#### EXERCISE
Among the records that follow, find the line with "Dançarina em traje típico em palácio indiano" and the line with "Beyaz arka plan". Set down those lines and all lines between them exactly, without adding anything.

(EXTRACTED DATA)

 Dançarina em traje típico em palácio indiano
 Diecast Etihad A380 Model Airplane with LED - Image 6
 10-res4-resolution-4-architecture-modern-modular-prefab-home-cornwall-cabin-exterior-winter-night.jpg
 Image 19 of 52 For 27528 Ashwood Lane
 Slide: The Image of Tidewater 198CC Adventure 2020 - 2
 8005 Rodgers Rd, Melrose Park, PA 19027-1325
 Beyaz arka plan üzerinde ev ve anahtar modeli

(End EXTRACTED DATA)
(EXTRACTED DATA)

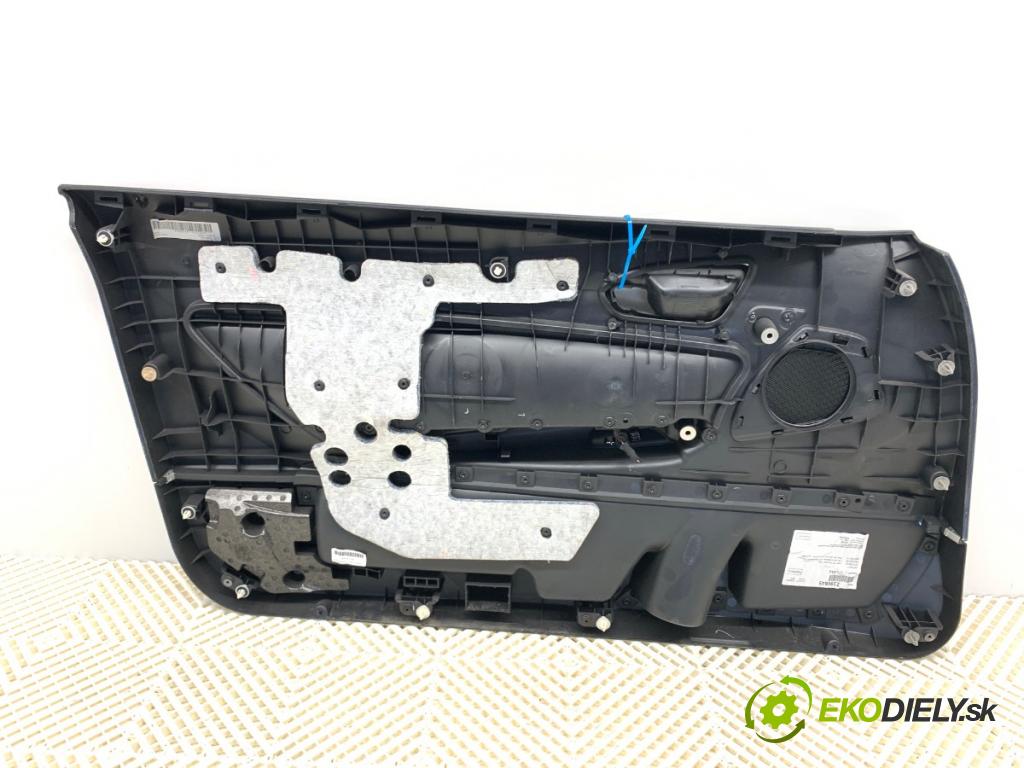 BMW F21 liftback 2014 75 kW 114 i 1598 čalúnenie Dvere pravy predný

(End EXTRACTED DATA)

#### RESULT FOR THIS EXERCISE
 Dançarina em traje típico em palácio indiano
 Diecast Etihad A380 Model Airplane with LED - Image 6
 10-res4-resolution-4-architecture-modern-modular-prefab-home-cornwall-cabin-exterior-winter-night.jpg
 Image 19 of 52 For 27528 Ashwood Lane
 Slide: The Image of Tidewater 198CC Adventure 2020 - 2
 8005 Rodgers Rd, Melrose Park, PA 19027-1325
 Beyaz arka plan üzerinde ev ve anahtar modeli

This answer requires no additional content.